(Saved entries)
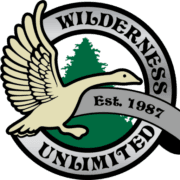 Wilderness Unlimited logo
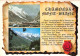 74-CHAMONIX MONT BLANC-N°4215-D/0247 - Chamonix-Mont-Blanc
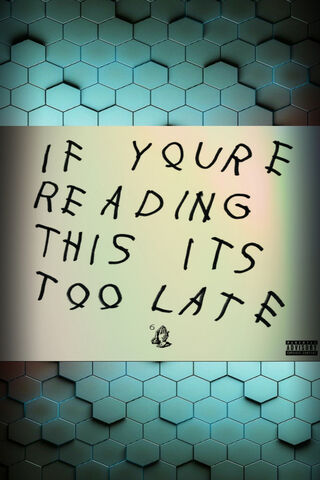 Too Late to Turn Back: Emo Vibes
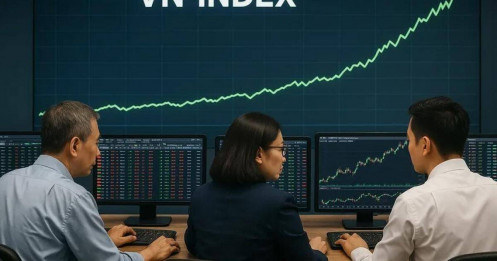 Việc nâng hạng thị trường chứng khoán Việt Nam sắp được công bố?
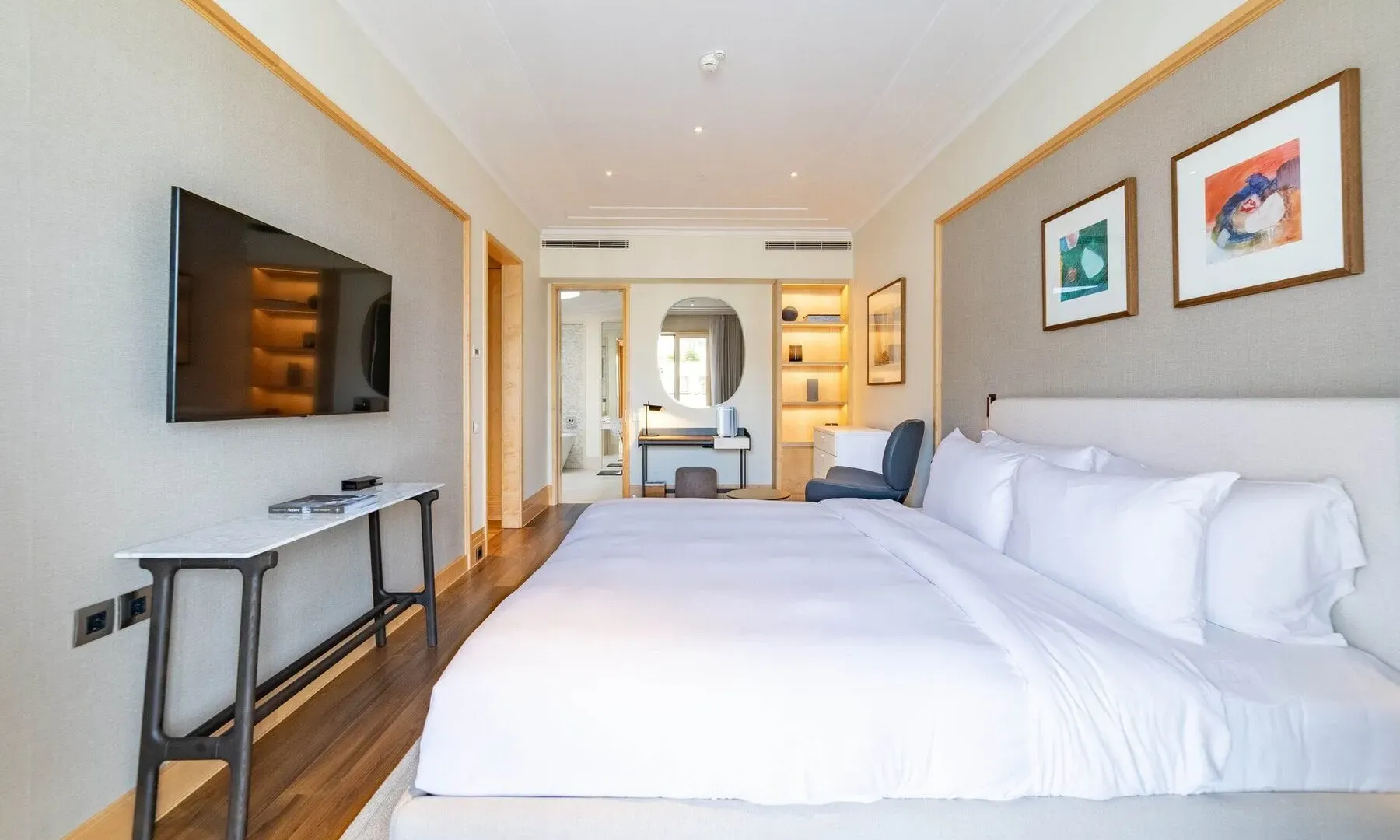 Prodaja, trosoban stan, 271m², Porto Montenegro, Tivat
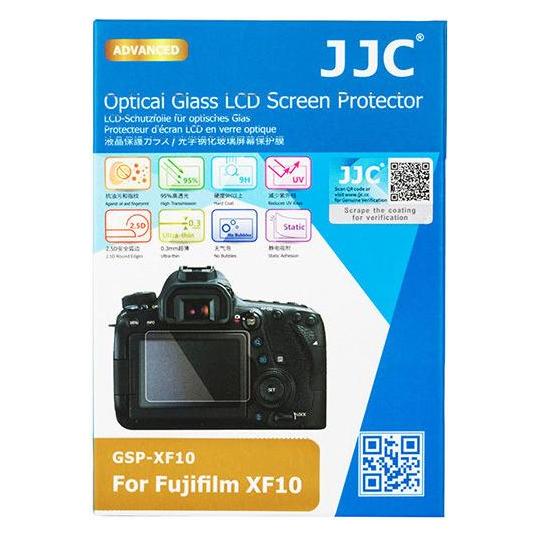 JJC GSP XF10 Optical Glass Protector (22736193)
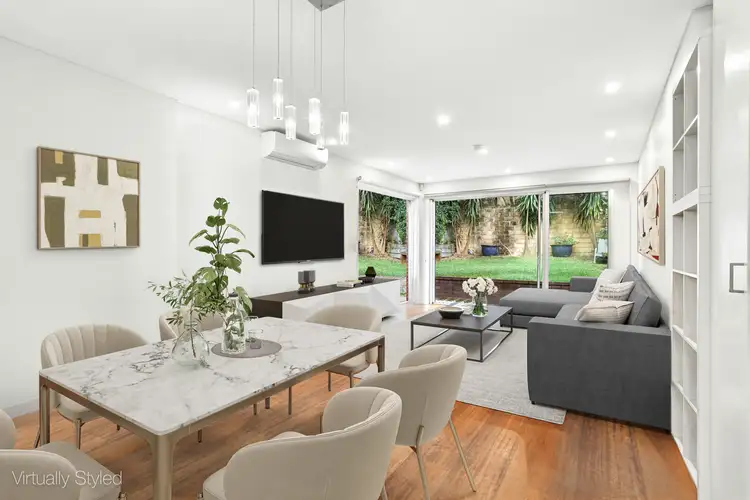 73 Onslow Street, Rose Bay NSW 2029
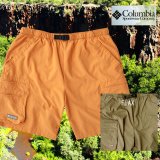 コロンビア リバーウォータートランク（ショートパンツ）フラックスL/Columbia Outdoors Water Trunk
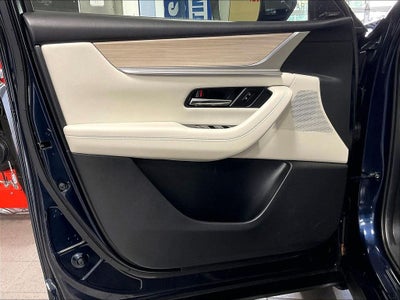 2024 Mazda Mazda CX-90 3.3 Turbo Premium Plus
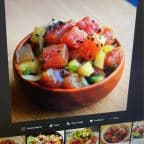 Best Seafood salad in Staten Island, NY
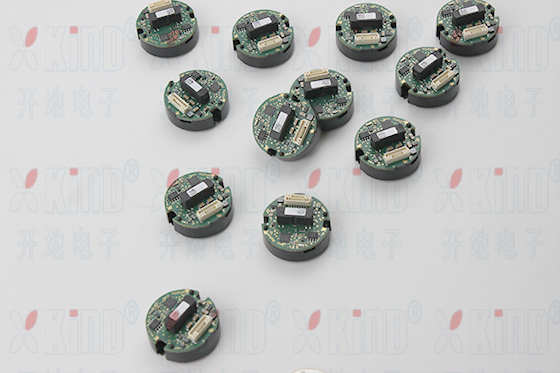 专业KIT磁性编码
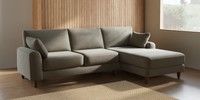 Medium Sofa Chaise - Right Hand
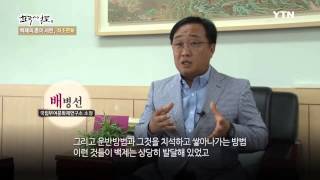 [한국사 탐(探)] - 백제의 혼이 서린 석조문화 / YTN DMB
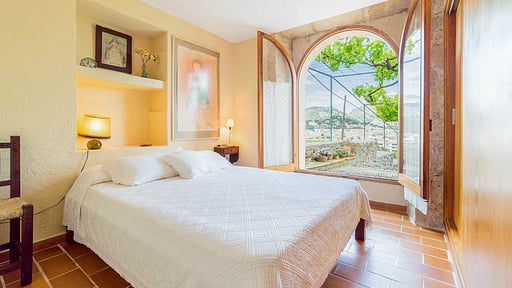 Ca na Copea Спальня 3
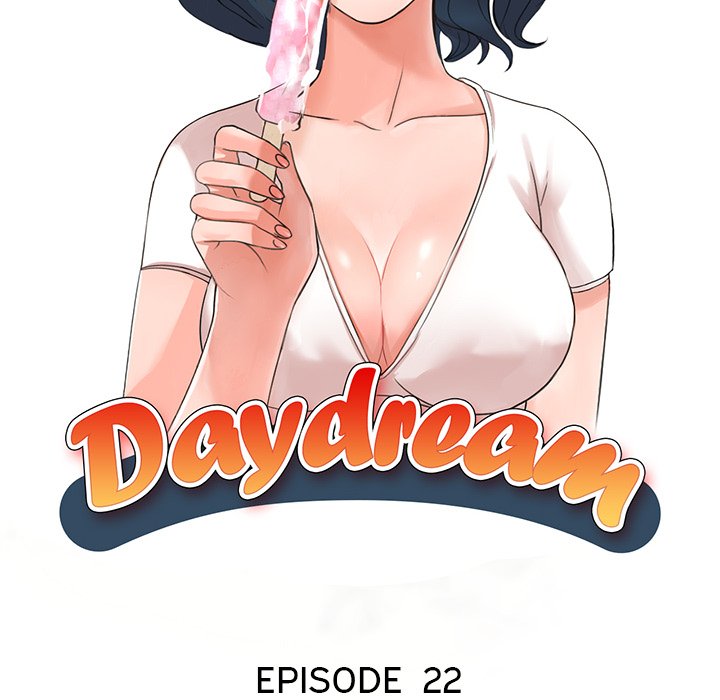 Daydream Chapter 22 Page 14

Prompt: Reproduce exactly and only the lines from the one with "Too Late to Turn Back: Emo Vibes" through the last entry, both included, excluding every picture.

Exercise response:
 Too Late to Turn Back: Emo Vibes
 Việc nâng hạng thị trường chứng khoán Việt Nam sắp được công bố?
 Prodaja, trosoban stan, 271m², Porto Montenegro, Tivat
 JJC GSP XF10 Optical Glass Protector (22736193)
 73 Onslow Street, Rose Bay NSW 2029
 コロンビア リバーウォータートランク（ショートパンツ）フラックスL/Columbia Outdoors Water Trunk
 2024 Mazda Mazda CX-90 3.3 Turbo Premium Plus
 Best Seafood salad in Staten Island, NY
 专业KIT磁性编码
 Medium Sofa Chaise - Right Hand
 [한국사 탐(探)] - 백제의 혼이 서린 석조문화 / YTN DMB
 Ca na Copea Спальня 3
 Daydream Chapter 22 Page 14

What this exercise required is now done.